For inquiries related to Google Drive, contact @Assassin-PL.

Configuration Steps

Install Dependencies
Make sure you have all required libraries installed. A virtual environment (e.g., venv or conda) is highly recommended to keep dependencies organized.
Create the Agent Instance
Instantiate the SimpleAgent class. This agent automatically loads any previously trained model if one is found:

```python from agent import SimpleAgent

agent = SimpleAgent()

```

Configure Bot Settings
In the settings.cfg file, adjust the bot's parameters to define how the training loop behaves. For example, you can modify episode lengths, reward function details, or specific environment constants. Any change here affects how the bot explores and learns within the PPO framework.
Initiate Training
After configuring your environment and creating the SimpleAgent instance, start the training loop by calling:

python agent.train()

This process leverages any existing model, retrains it with the updated settings, and logs progress details.

Training Execution

When you call agent.train(), the following actions occur:

The bot environment (defined via rlgym and your configuration) initializes using the make_env() method. It's important to note that PPO requires a specific environment setup; the make_env() method cannot create a training environment if, for example, the bot was previously trained to play against another bot or in a training loop reacting to human input.
The previously trained model (if available) is loaded to continue its training.
Data (observations, rewards, etc.) is continuously collected, and the agent updates its policy using PPO.
Periodically or upon completion, the agent saves checkpoints of the model.

Configuration Note:

Ensure that the make_env() function correctly returns the environment (env). All accessible variables and parameters for configuring the training loop are located in the settings.cfg file. Only make changes within this file to alter training configurations, as everything else has been preconfigured.

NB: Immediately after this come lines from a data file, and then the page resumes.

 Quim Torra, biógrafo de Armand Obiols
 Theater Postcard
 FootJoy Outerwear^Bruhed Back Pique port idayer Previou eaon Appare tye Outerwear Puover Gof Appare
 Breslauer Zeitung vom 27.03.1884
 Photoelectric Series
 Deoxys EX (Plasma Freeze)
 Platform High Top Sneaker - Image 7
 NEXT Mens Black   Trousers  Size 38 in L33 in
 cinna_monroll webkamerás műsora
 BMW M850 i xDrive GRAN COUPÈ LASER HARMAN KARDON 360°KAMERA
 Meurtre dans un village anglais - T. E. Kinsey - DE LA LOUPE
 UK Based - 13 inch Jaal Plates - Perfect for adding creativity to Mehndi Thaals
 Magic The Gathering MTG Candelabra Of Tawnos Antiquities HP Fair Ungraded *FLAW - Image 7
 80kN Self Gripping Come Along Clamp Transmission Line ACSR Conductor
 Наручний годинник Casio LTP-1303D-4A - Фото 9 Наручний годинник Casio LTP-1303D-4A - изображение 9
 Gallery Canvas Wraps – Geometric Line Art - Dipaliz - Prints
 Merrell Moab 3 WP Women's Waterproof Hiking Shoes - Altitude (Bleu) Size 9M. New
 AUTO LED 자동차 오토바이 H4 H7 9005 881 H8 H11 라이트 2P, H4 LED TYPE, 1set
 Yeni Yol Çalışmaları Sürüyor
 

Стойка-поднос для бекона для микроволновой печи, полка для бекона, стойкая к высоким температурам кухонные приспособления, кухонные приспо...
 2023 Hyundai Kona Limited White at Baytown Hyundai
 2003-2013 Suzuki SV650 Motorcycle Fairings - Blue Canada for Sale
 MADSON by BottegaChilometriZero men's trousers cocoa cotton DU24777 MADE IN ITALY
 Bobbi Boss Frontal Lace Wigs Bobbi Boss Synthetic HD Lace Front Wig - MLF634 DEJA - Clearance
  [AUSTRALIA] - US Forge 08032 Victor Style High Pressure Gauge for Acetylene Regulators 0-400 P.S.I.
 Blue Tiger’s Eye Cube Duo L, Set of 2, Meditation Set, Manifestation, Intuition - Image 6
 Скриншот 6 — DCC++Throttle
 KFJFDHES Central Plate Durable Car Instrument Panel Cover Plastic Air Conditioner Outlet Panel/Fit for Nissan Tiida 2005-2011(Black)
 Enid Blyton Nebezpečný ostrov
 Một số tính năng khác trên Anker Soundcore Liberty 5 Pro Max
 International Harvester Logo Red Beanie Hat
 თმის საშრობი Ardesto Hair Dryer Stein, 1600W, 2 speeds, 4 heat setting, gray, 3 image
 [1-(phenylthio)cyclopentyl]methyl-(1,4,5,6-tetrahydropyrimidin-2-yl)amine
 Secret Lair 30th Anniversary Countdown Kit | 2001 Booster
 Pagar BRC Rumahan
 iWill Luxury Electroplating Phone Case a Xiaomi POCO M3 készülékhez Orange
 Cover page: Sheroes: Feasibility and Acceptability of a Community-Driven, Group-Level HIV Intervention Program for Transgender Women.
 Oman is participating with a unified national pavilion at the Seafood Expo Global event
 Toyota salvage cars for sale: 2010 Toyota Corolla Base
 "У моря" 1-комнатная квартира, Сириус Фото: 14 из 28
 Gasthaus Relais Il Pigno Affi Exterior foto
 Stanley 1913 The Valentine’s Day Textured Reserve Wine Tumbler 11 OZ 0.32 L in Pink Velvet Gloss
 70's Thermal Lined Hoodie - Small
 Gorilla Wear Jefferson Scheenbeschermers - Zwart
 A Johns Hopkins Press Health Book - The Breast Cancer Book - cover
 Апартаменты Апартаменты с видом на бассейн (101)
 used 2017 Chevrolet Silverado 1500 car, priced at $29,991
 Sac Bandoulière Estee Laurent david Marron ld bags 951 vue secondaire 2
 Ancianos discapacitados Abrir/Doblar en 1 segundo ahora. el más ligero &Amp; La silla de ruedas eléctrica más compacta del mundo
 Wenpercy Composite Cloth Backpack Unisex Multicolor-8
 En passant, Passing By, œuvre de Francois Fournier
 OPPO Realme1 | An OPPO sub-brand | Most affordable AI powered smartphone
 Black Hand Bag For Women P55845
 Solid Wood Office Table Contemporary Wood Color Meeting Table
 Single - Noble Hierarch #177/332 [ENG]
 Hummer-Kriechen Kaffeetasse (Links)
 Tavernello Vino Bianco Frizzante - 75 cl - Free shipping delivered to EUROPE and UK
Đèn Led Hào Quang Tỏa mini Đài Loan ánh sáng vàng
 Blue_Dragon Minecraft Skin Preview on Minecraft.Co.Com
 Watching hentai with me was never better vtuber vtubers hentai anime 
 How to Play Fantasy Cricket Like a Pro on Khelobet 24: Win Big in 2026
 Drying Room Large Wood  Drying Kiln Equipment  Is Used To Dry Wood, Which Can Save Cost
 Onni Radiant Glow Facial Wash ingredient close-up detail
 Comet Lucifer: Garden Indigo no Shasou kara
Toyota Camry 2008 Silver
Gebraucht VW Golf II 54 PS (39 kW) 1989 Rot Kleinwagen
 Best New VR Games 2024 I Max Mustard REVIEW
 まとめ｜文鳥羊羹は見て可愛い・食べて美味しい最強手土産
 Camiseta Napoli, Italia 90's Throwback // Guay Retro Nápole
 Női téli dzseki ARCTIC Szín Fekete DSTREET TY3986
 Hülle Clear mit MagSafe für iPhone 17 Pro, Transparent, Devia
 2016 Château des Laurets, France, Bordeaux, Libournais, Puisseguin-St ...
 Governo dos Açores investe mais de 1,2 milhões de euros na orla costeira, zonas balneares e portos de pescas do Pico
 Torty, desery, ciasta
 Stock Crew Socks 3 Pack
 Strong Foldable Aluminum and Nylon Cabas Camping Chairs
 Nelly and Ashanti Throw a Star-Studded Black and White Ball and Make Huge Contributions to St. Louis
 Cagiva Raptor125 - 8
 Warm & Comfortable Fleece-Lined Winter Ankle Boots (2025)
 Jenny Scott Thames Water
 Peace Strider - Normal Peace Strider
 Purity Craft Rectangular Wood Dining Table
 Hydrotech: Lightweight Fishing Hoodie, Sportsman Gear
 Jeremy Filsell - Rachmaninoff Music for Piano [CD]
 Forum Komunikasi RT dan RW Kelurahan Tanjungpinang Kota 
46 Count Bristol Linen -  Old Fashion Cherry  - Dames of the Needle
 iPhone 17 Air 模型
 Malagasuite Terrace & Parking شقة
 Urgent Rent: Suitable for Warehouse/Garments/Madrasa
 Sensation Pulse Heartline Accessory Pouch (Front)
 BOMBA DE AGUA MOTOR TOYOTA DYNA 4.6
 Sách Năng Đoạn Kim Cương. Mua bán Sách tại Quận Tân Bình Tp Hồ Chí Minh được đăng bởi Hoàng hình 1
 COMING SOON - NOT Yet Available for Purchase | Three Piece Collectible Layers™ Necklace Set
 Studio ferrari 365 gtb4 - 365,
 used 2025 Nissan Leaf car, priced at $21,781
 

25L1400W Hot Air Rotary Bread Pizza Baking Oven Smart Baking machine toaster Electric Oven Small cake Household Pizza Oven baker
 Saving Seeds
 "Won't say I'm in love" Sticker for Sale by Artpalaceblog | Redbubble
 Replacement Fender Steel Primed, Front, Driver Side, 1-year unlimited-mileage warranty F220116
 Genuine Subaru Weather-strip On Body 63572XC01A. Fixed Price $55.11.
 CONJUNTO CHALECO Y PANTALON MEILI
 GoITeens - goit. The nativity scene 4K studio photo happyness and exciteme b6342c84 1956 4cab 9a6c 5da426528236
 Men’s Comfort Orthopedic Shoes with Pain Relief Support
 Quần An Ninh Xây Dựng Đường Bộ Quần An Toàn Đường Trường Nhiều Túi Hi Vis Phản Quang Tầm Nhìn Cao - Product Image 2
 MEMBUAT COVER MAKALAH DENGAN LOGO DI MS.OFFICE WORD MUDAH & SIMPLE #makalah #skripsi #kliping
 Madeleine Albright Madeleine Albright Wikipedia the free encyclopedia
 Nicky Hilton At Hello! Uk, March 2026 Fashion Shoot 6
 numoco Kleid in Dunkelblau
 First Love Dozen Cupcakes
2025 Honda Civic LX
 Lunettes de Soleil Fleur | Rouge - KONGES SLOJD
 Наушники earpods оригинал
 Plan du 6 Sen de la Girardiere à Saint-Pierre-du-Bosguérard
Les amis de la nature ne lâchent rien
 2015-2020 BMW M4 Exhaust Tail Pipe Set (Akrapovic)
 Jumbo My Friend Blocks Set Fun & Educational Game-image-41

Parameters and Their Effects

In the settings.cfg file and within your code, you can adjust various parameters. Key parameters include:

realtime: Boolean (true/false) that determines whether to run training in accelerated mode. Setting to true causes game time to be sped up (e.g., 1 second of real time corresponds to 1000 seconds in the game).
modelName: String that specifies the name of the model being used or saved. This allows easy management of different training models.
timesteps: Number of steps that defines how many environment steps occur before a model update. Adjusting this can affect the frequency and efficiency of policy updates.
human: Boolean that specifies whether the bot is being trained to play against a human player. Setting this to true enables training scenarios where the bot competes against human input, enhancing its adaptability.

Tweaking these parameters can lead to different training outcomes in terms of speed, stability, and bot performance.

Match Configuration

Based on project assumptions, only the possibility to play in 1 vs 1 matches is enabled by default. This is configured by setting the match settings in the environment file to 1 vs 1.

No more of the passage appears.